Composition of the hydrocarbon streams is normally determined from laboratory samples as it tends to change slowly over time from each well or location. Other stream characteristics such as water cut and gas/liquid ratio change rapidly and are therefore normally measured continuously, hence the reason for multi-phase flow meters.
The preferred measurement technique is to eliminate the need to separate phases using only a single flow measurement device. As a result, one technique is to modify the flow so that it becomes well mixed enough to appear homogeneous. The measurement then simplifies to a determination of phase fractions, normally calculated from models of the density of the different process fluids, and the overall velocity. Since mass equals density times volume, we can calculate actual production rates from this information and the principles of conservation of mass.
Traditional measurement techniques, which require a single-phase fluid, need separation of the three fluid phases (gas, hydrocarbon, water), and then recombination of at least the gas and hydrocarbon streams for transmission to onshore production/processing facilities. However, three-phase separators require sufficient real estate on the platform to separate the hydrocarbon and water phases, which depending on the specific gravity of the hydrocarbon phase and the large range of flow profiles that can develop from the individual wells can sometimes be quite large.
The development of online water cut measurement now makes it possible to separate the gas only for measurement purposes (a much simpler and smaller separator requirement) and then use the resulting measurements of gas and calculated water/oil content based on the water cut for oil and water production rates.
Additional measurement techniques have been developed for in-line meters, which do not require a separator. Due to the high capital and maintenance costs associated with these meters, there is an increasing reliance on software models both in the meters themselves and as the basis for virtual measurements to confirm the validity of the results. Eliminating the need for meters entirely is an active area of development.
There are about 20 companies that sell in-line multi-phase meters for use either onshore/on platform or subsea. These in-line meters commonly employ a combination of two or more of the following measurement technologies and techniques: electromagnetic measurement principles (microwave technology, capacitance, conductance, magnetic resonance); gamma ray densitometry or spectroscopy; neutron interrogation; differential pressure using venturi, V-cone or other restriction; positive displacement; ultrasonic; or cross-correlation of electromagnetic, radioactive, and ultrasound signals.
One of the challenges with many of the microwave water cut meters is that they are sensitive to changing salinity. However, for most offshore operations from a single reservoir this should only change slowly with time and be captured as part of the regular calibration processes.
Recent market forecasts indicate there are approximately 1 million producing wells worldwide with about 3,000 of these wells using multi-phase flow meters. This number is forecast to at least double this decade as the technology and market evolves and as producers gain more experience with this form of measurement device. Because many of these devices are more complex than the typical field instrument, a closer analogy in terms of complexity would be a process analyzer -- availability of the required level of field support is still in development, and the brunt of the load falls back to the manufacturer or in some cases the development teams.

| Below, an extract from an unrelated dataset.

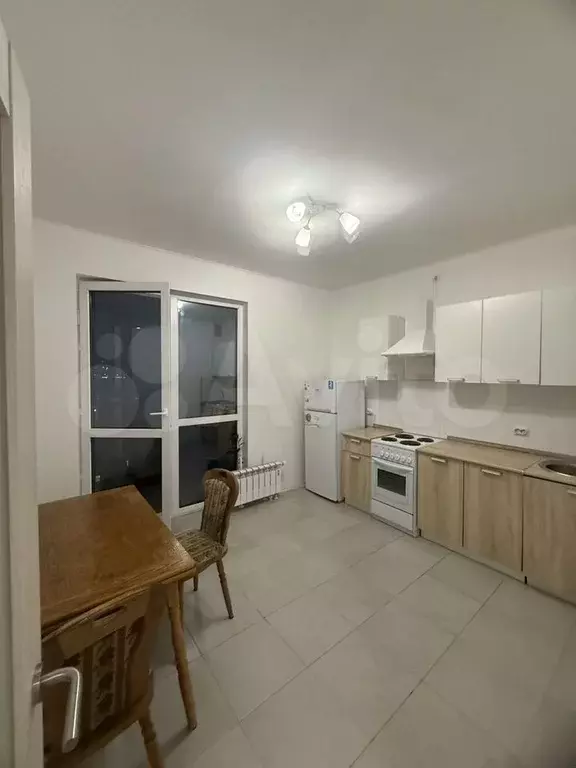 2-к. квартира, 60 м, 13/19 эт. - Фото 0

It is largely for this reason that the annual operating expense for a multi-phase meter is about 25% of the cost of the meter itself for the first year, then $10,000-$40,000/year for both onshore and topsides applications.
The same market study documented that the incentive for developing these systems is substantial, since a subsea multi-phase meter in a tieback development 10 km (6 mi) from the host platform could reduce capex by an estimated 62% because of the elimination of test lines. The meter also would improve production system management, increasing the amount of oil recovered by 6%-9%.

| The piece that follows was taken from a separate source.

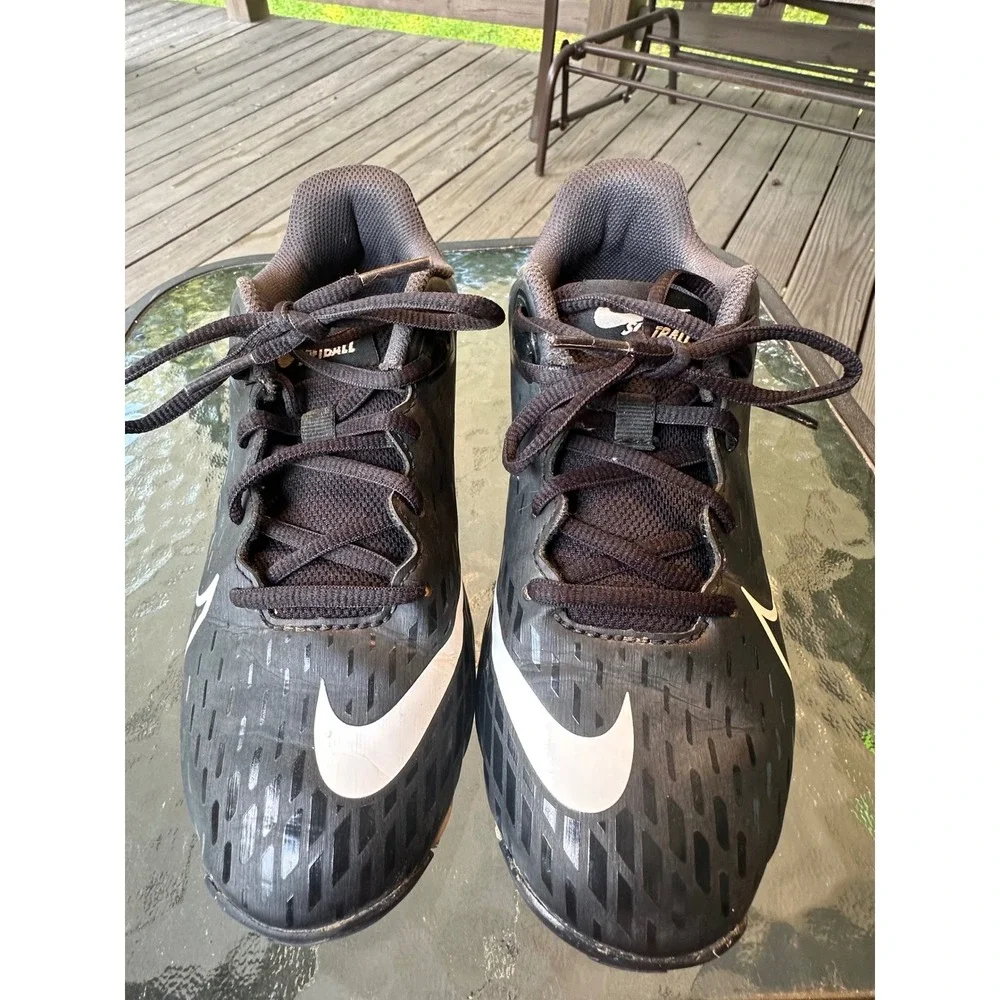 Nike Softball Cleats Molded Youth Kids Black and White CZ5919-010 Size‎ 4.5Y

The incentive is certainly there; however, the conservative nature of the oil and gas industry, and especially the offshore component, where the risk of error is so high, means that everyone tends to wait for someone else to "prove it works" before trying it themselves. Therefore, the time between good idea, product, and market can be as much as a decade or more. Multi-phase meters were initially developed in the 1990s and at present have less than 5% market penetration, thus showing we are true to our history, despite the potential rewards.
As the technology continues to evolve, and the need to better and more quickly understand the nature of the offshore production process so that it can be more controlled to optimize production, increase safety, and reduce environmental risk, the author is confident that multi-phase flow and its measurement will be a key contributing factor to that success.
Ian Verhappen, P.Eng. is an ISA Fellow, ISA Certified Automation Professional, and a recognized authority on Foundation Fieldbus and industrial communications technologies. Verhappen provides consulting services in the areas of field level industrial communications, process analytics and hydrocarbon facility automation. Feedback is always welcome via e-mail email@example.com.
Gioia Falcone, Texas A&M University, Bob Harrison, Soluzioni Idrocarburi srl, "Forecast expects continued multiphase flowmeter growth," Oil & Gas Journal, 03/07/2011http://www.ogj.com/articles/print/volume-109/issue-10/drilling-production/forecast-expects-continued-multiphase-flowmeter-growth.html (2013-08-11)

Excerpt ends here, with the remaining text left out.